Proposed language family

Tolatecan is a proposal by Campbell and Oltrogge (1980) linking two language families of Mesoamerica, Tequistlatecan (Chontal of Oaxaca) and Tol/Jicaque languages of Honduras. Later, Campbell (1997) said that Tolatecan is not likely to be a valid language family.

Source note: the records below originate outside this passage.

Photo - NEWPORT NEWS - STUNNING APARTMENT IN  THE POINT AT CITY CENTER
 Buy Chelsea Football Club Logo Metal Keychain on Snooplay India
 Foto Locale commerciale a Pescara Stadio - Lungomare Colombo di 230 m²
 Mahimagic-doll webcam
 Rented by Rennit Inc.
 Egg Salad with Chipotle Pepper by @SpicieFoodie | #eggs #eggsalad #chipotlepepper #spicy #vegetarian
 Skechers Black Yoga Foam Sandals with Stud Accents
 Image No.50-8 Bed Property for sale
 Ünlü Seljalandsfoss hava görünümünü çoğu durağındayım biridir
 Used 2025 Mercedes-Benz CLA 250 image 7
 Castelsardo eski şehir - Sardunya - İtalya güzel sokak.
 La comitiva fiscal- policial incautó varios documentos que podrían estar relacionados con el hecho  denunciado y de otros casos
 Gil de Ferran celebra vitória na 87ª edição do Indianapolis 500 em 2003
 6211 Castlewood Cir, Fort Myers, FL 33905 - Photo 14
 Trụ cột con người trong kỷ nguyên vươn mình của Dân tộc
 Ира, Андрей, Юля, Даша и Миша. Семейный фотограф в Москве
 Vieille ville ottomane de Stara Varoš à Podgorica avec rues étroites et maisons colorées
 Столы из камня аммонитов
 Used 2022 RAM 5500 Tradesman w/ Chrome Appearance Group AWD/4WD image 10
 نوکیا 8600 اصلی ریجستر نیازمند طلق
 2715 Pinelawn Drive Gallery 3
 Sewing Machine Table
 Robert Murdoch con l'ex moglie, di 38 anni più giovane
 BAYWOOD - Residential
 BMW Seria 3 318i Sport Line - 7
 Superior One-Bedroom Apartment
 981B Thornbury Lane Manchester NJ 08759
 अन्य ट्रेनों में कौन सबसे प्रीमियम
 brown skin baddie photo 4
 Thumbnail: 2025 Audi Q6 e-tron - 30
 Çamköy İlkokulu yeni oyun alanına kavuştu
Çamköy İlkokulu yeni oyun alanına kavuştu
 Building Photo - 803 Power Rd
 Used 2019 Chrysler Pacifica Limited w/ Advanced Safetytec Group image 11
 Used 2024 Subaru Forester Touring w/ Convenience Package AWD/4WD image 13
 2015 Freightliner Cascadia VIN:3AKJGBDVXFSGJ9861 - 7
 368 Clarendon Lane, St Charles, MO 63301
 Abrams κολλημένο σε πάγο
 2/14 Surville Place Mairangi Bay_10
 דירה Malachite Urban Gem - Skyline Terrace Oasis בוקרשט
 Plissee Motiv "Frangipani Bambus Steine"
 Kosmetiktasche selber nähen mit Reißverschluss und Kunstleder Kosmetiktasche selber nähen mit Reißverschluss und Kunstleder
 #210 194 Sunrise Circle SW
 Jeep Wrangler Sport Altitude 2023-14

Both Tequistlatecan and Tol have been at times also included in the larger Hokan proposal, but without any especial relationship within it.

==Vocabulary==
Below is a comparison of selected basic vocabulary items in Proto-Jicaque and the Tequistlatecan languages.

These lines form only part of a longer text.